[Image-caption web data]
<<<<
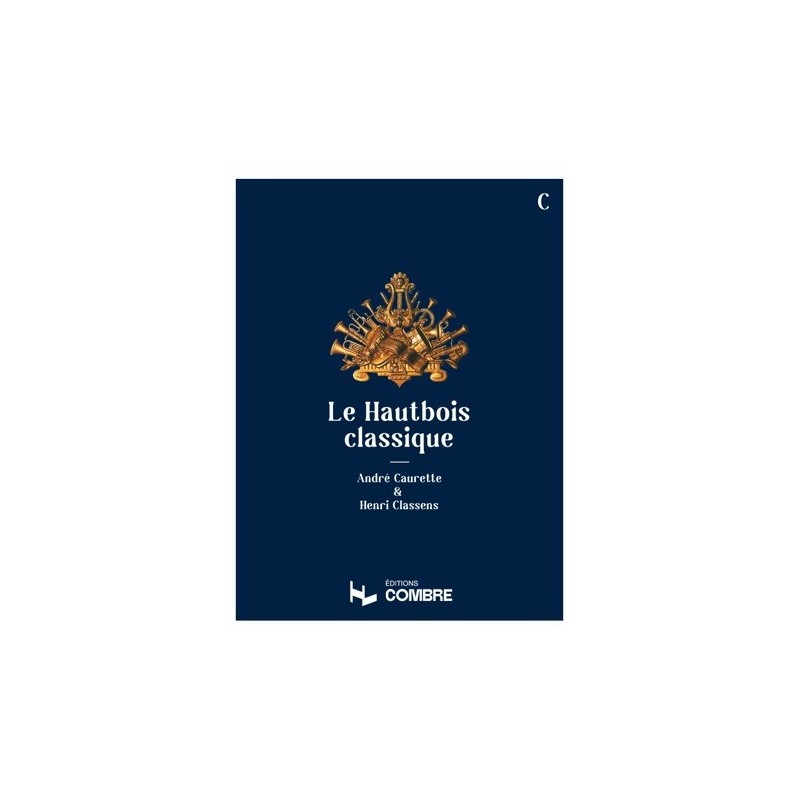 9790230345545COMP04554 Le Hautbois classique Vol.C
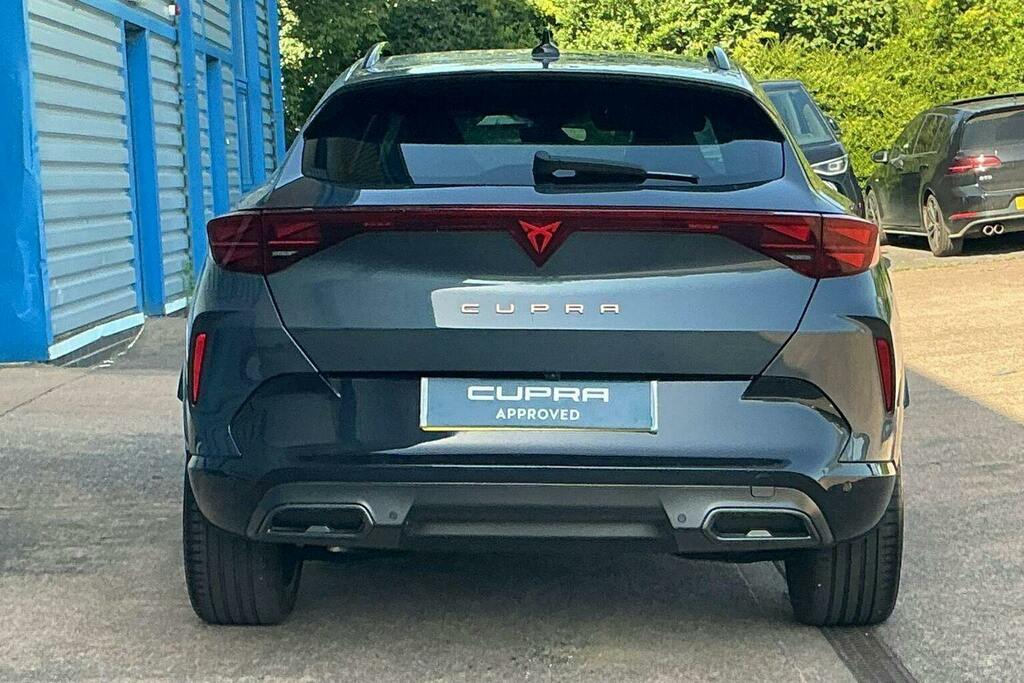Cupra Formentor 1.5 Tsi V2 Suv Grey #4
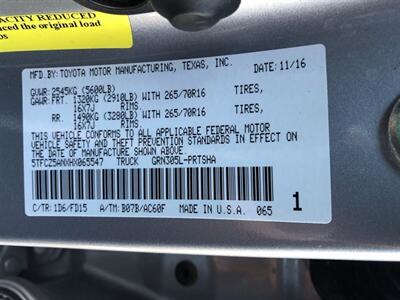 2017 Toyota Tacoma TRD Sport   - Photo 14 - Dallas, TX 75247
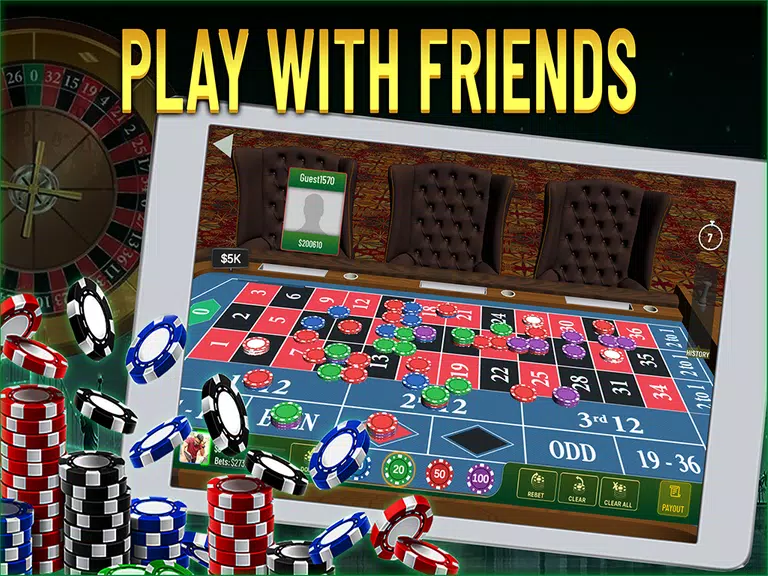 Roulette - Live Casino screenshot 1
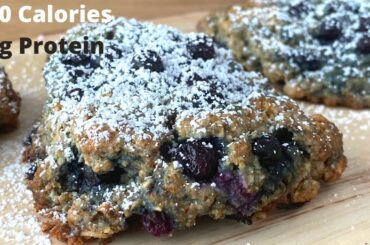 Healthy Blueberry Oat Scones No Flour Recipe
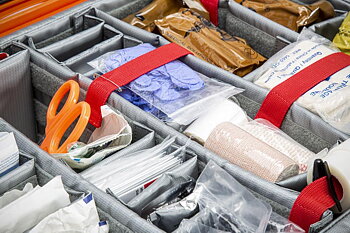 Nanuk 945 - EMS Sjukvårdsväska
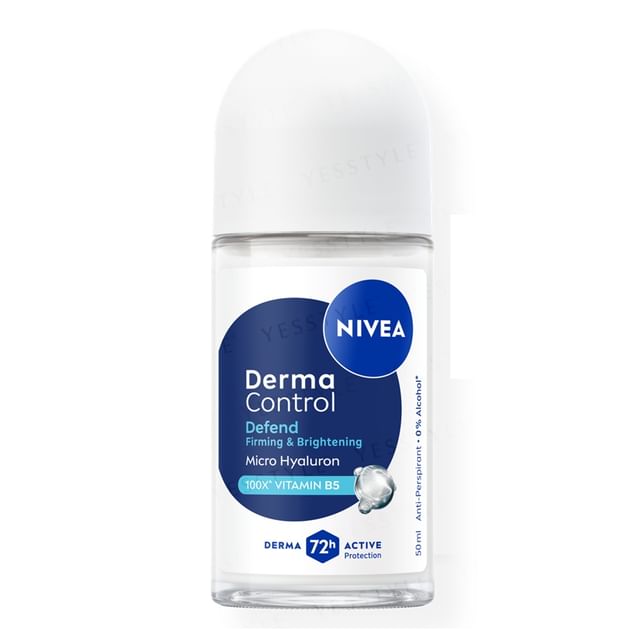 NIVEA-Derma Control Defend Firming Brightening Micro Hyaluron Roll On-50 Ml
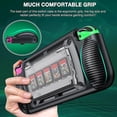 thumbnail image 5 of Switch Case For Nintendo Switch Protective Case With 7 Game Cards Slots Switch Cover With Adjustable Kickstand Switch Protector, 5 of 5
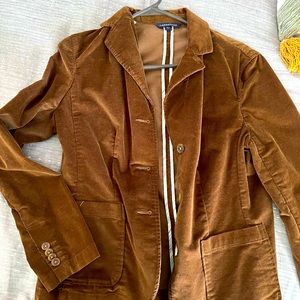 Corduroy blazer never worn !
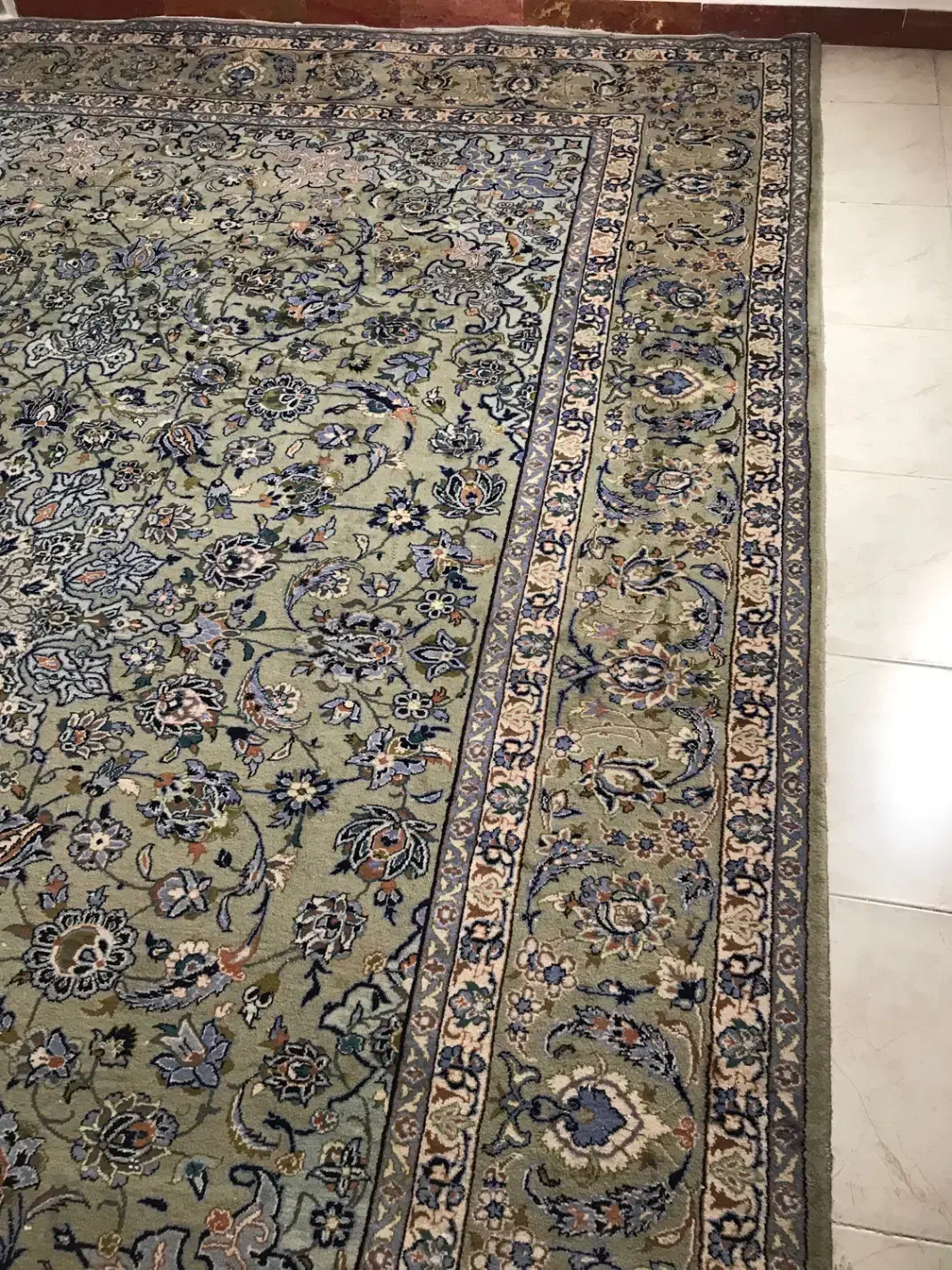 فرش دستبافت ۱۲ متری|فرش|تنکابن, |دیوار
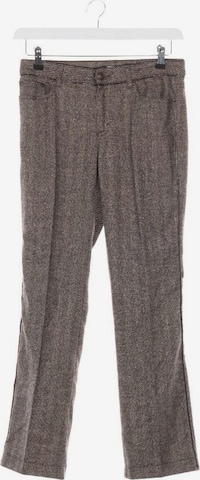 Cavalli Class Pants in S in Brown: front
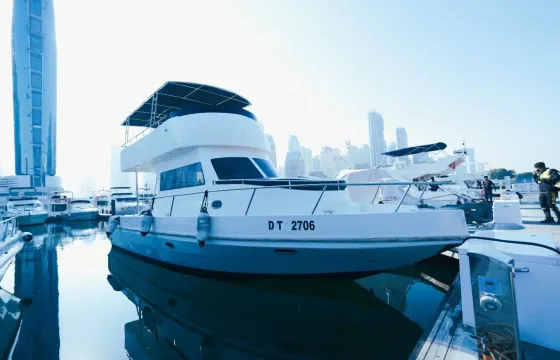 43-Foot Yacht Luxury Charters in Dubai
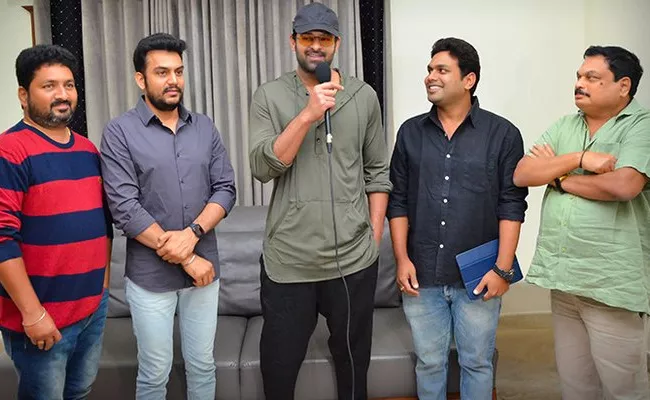 22 Movie First Song Lyrical Video Launched By Prabhas - Sakshi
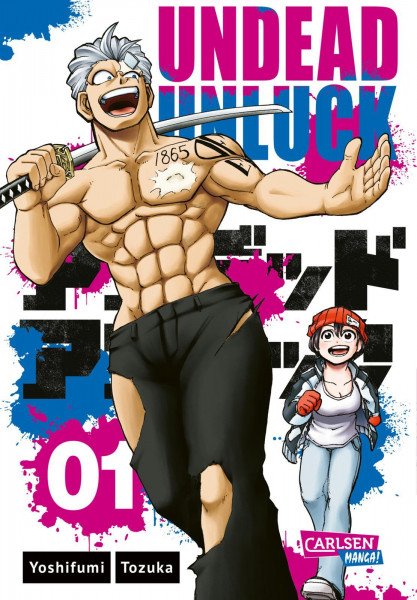 Undead Unluck 01
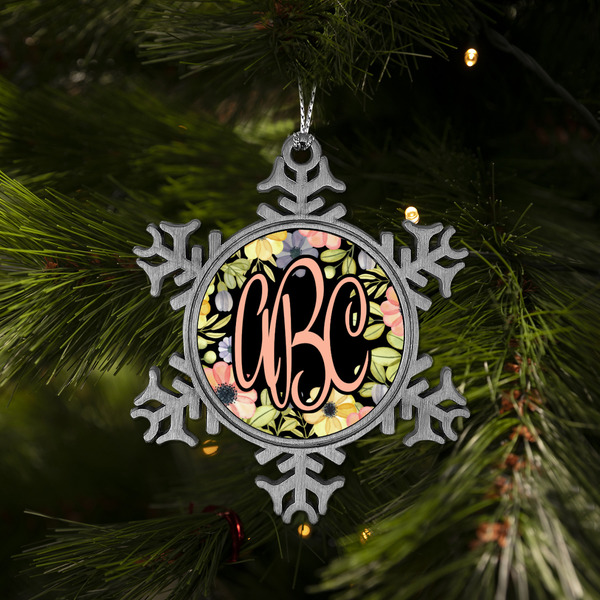 Boho Floral Vintage Snowflake - (LIFESTYLE)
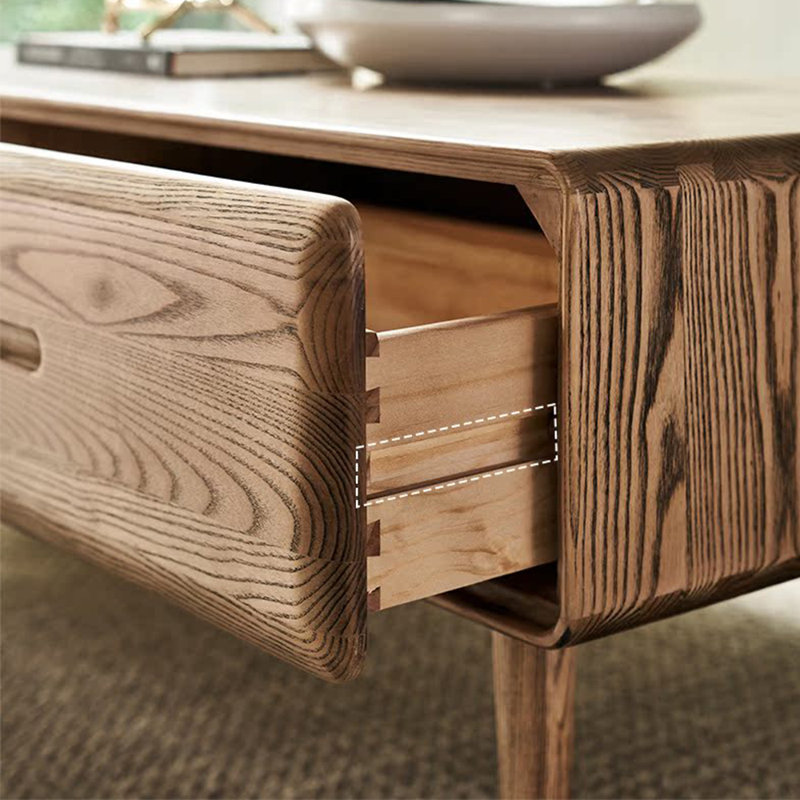 Table basse de style nordique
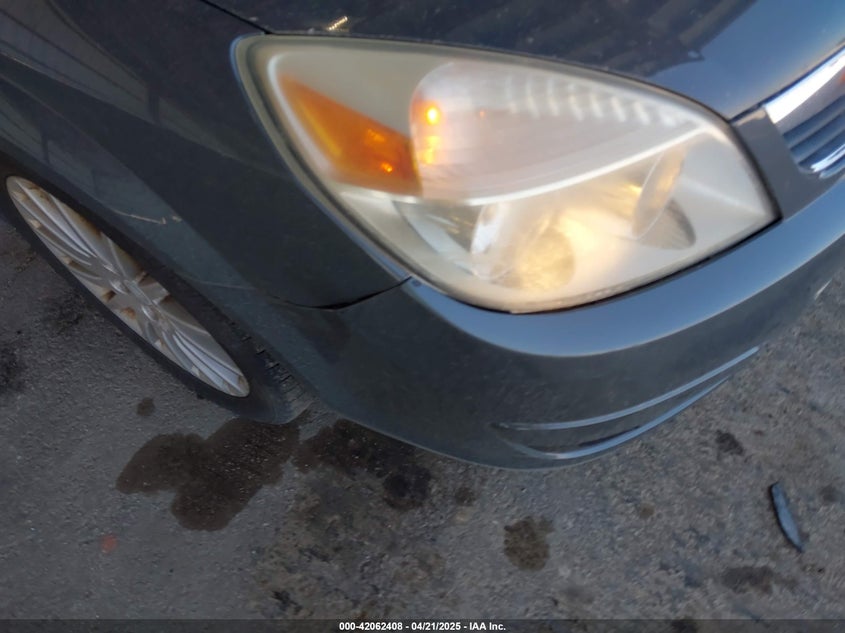 2007 SATURN AURA VIN: 1G8ZV57747F121334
>>>>
Required action |
Transcribe the lines that run from the line bearing "Cavalli Class Pants in S in Brown: front" through the last line of the data. Keep the wording exact and leave out every picture.

Answer to this exercise |
 Cavalli Class Pants in S in Brown: front
 43-Foot Yacht Luxury Charters in Dubai
 22 Movie First Song Lyrical Video Launched By Prabhas - Sakshi
 Undead Unluck 01
 Boho Floral Vintage Snowflake - (LIFESTYLE)
 Table basse de style nordique
 2007 SATURN AURA VIN: 1G8ZV57747F121334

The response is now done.